メトロニダゾール

術後の予防抗菌薬について検討しているんですが、検討段階でいろいろ勉強になったことがあります。医師の立場になって考えてみるとよくわかるんですが、医師は術後感染症を防止したいがために、やたら広域の薬剤を投与する経口がありますね。これはどこの病院でも同じだと思います。白内障の術後にFMOXなど見たことがありますが、これは明らかにやりすぎだと思いますし(嫌気性菌までカバーする必要性がまったくない)、抗菌スペクトルはもちろん、薬物動態や値段まで考慮しないといけないので、選定には総合的な理解が求められます。まあ考えてみたところで、世の中にあるマニュアル以上の答えは出てこないのですが、その過程が重要なわけです。

で、そうやって考えていくと、日本の抗菌薬の現状には、いくつかの大きな問題があることに気がつきます。こんかいはたまたま考えていたテーマがCDAD(抗菌薬関連腸炎)だったのでメトロニダゾールなのですが、いま感染症治療に携わっておられる方々の共通認識として、C.difficileが原因になって怒る偽膜性腸炎(もしくはCDAD)の第一選択薬はフラジール、メトロニダゾールです。VCM散も使えますが、耐性菌(VREやVRSA)の発生を防止するためには、望ましくはありません。これは議論に参加する医師がほぼ満場一致で認める共通認識です。ところが、日本の保険適用では、メトロニダゾールをCDADに使うことが出来ないのです。これは非常に深刻な問題だと云えます。いやでも治療にVCMを使わざるを得ないのですから。

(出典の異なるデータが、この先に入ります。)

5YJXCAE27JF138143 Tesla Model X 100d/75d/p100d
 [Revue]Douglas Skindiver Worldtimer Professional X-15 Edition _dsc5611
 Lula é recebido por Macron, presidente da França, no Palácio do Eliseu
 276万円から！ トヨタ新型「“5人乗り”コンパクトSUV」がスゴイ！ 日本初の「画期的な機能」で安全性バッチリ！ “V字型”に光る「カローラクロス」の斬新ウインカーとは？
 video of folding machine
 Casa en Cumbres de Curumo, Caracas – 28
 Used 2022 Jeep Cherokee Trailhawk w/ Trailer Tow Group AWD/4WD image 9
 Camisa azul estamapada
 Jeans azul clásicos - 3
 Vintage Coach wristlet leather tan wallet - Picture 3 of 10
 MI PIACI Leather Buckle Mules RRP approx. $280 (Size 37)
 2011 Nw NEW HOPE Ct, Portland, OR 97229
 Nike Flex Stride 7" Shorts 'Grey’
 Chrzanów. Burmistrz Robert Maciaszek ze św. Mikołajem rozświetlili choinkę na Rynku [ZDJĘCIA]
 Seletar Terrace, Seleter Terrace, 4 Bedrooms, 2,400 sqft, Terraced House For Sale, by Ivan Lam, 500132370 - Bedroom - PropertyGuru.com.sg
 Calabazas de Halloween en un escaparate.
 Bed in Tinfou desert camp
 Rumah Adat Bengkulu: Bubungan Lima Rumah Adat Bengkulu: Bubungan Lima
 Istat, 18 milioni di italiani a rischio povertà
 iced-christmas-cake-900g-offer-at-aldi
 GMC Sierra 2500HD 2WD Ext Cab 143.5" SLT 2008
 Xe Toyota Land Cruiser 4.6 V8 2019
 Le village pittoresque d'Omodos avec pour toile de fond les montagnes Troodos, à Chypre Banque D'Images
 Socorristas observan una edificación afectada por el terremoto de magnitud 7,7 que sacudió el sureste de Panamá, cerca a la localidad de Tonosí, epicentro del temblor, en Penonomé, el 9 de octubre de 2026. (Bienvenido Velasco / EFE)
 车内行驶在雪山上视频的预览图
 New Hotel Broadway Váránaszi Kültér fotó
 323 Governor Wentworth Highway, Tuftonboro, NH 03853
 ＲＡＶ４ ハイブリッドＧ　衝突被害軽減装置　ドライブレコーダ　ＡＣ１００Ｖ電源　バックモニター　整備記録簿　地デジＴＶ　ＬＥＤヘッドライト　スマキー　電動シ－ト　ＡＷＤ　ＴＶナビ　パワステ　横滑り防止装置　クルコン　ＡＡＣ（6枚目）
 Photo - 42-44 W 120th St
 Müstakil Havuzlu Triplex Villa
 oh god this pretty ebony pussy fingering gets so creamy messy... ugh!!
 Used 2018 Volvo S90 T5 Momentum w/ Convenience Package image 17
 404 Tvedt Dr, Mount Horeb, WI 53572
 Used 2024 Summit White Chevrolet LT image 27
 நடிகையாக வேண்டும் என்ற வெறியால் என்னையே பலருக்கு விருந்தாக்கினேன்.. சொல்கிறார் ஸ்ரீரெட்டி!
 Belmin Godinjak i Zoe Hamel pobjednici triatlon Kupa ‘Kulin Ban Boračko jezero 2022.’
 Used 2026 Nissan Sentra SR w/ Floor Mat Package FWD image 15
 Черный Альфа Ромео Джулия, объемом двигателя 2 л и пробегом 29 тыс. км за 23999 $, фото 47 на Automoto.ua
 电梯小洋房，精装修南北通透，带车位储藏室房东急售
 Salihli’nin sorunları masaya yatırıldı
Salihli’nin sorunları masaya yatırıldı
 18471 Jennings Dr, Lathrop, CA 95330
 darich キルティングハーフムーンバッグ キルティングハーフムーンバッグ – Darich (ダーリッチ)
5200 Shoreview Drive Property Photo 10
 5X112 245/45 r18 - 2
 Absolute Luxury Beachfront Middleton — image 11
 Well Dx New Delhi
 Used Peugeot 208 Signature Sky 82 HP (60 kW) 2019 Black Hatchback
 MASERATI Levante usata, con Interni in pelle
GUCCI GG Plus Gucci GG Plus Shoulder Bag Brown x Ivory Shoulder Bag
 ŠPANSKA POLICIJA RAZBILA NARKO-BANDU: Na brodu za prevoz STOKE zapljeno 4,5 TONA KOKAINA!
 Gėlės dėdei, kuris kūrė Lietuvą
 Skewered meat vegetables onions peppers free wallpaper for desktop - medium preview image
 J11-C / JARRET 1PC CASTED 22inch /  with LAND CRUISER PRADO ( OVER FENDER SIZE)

またメトロニダゾール静注がないのも問題だ、という議論も、あちこちで散見されますが、これも根が深い議論になります。また勉強して書いてみます。


恒例の、若干まとめです。

  • C.difficileに対して活性があるため、偽膜性腸炎、CDAD(抗菌薬関連腸炎)の第一選択薬。
    1. 偽膜性腸炎は病理学的な診断名。内視鏡で偽膜形成が確認出来ない場合は、偽膜性腸炎とは診断されない(と思う)。
    2. 偽膜がないからと云って、抗菌薬関連腸炎を否定する理由にはならない。
    3. CDチェックは絶対ではない。疑わしい症例は、検査室にC.difficile培養を依頼してみるのもテかも。
      • とてもメンドクサイ上に、名前の通り、C.difficileは培養が難しい。陰性でも泣かない。
      • とてもメンドクサイ上に、コストがかかる。検査技師が嫌がるかもしれないが、断られても責めないで。
      • 毒素を産生しないタイプのC.difficileも存在する。そういった意味で培養も万能ではないことに注意。
        • C.difficileが培養された液を前処理してtoxinAを引っ掛ける方法もある。が、そこまでする意味があるのかは疑問。ここまでやるともはや研究レベルでは?
      • 培養でtoxinBの存在を確認するためには、細胞培養が必要だということになる。これは普通の検査室には無理。
      • 病棟でCD(+)が流行しても泣かないでがんばって。
    4. CD toxinにはBもある。CDチェックでひっかけられるのはCD toxin Aのみだということに注意。
    5. フラジールはCDADに適応がない。DPC実施施設以外で、CDADにフラジールを使うのは難しいかもしれない
    6. 女性ならトリコモナス膣炎が使えるが、男性じゃあねえ……
      • なんでも、心ある施設ではトリコモナス膣炎が頻発するんだそうな。
      • 場合によっては、男性までなったり。ほんとに審査が通るのか、コレで。
    7. フラジールの薬価は、VCM散の100分の1である。金額的にはまったく問題なし。
      • 非常に安価なため、営業さんから感謝されることは皆無だろうなー。
      • ところで、これってコスト削減ということで、まっさきに実施されてもおかしくないんじゃないの?
    8. MRSA腸炎が疑われる症例については、たぶんVCMしか選択がない(フラジールはMRSAに対して無効である)。
    9. CDADの第一選択薬は、使っている抗菌薬をやめることかもしれない。